Look for the comment in the article, after passing to a subsequence if necessary. The ultrafilter produces the necessary subsequence for any question that you ask, and will do so in such a way as to produce logically consistent answers for any combination of questions that you choose.
That is why the ultrafilter axiom is a weak version of choice. Take the set of possible yes/no questions that we can ask as predicates, such that each answer shows up infinitely often. The ultrafilter results in an arbitrary yet consistent set of choices of yes/no for each predicate.

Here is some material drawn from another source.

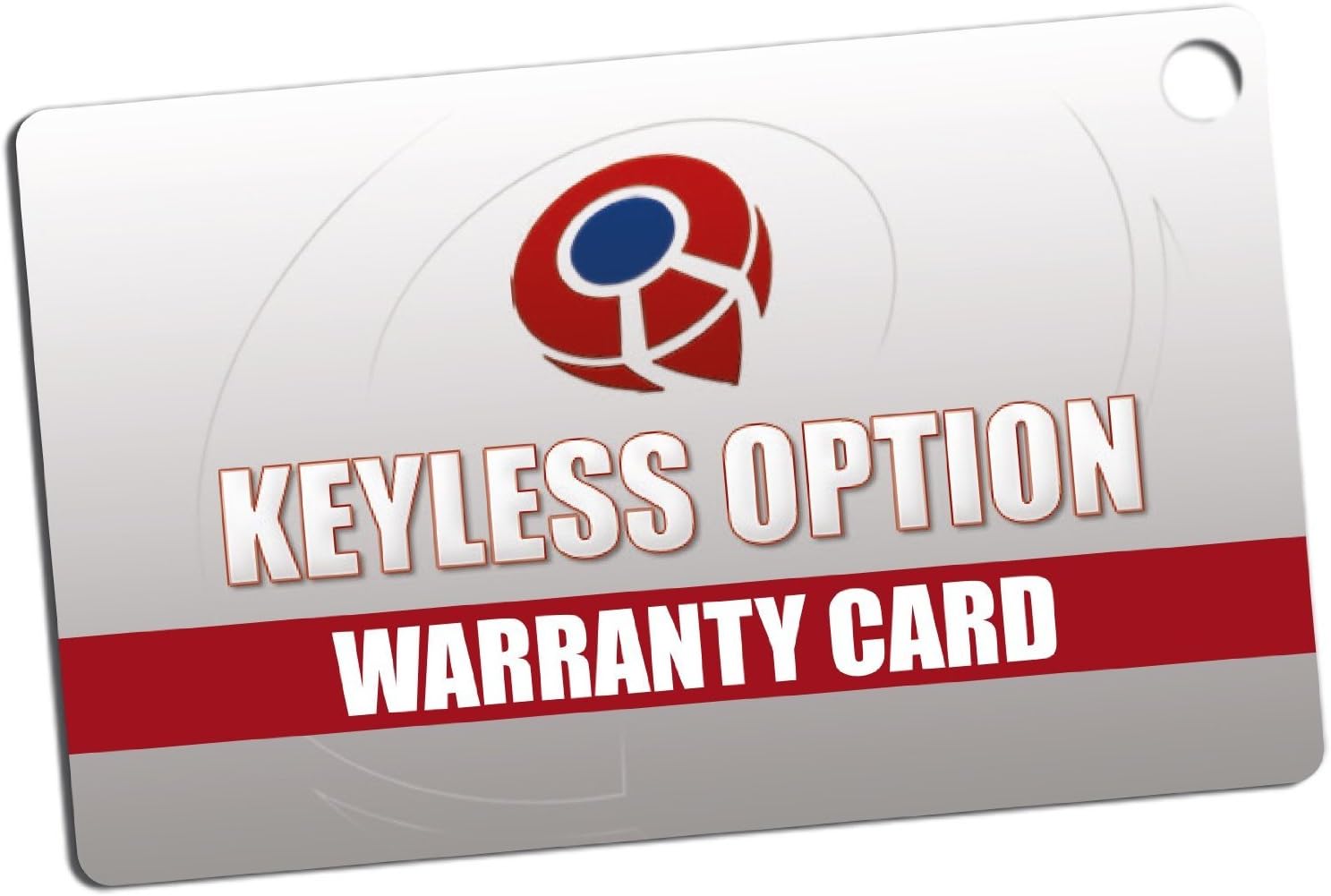 KeylessOption Keyless Entry Remote Start Smart Car Key Fob Alarm for Jeep Cherokee, GQ4-54T Pack of 2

The axioms demand that either one function is eventually dominated by the other, or both functions are of the same order. But which of these is the case will strongly depend on which subsequence you look at.
You may have missed the same subtlety that I did. Because pi is irrational, the functions are different at all integers. Therefore, in the total order, these two functions cannot have the same order.
That still doesn't resolve which one is larger though.
Well, as presented in Tao's post, the set Ω can be either the natural numbers or the real numbers. So I'm assuming the "subsequence" is a (perhaps uncountable?) set of real parameters, in the latter case.
Isn't this exactly what mathematics is about? You have a non-ordered set, you map it into a total ordered set, of course the new ordering won't be the same as the previous. Like taking a projection of the points of the 2d plane to an arbitrary line. You now get a total ordering, and you can do whatever. You do it if it helps you, and don't do it when it doesn't.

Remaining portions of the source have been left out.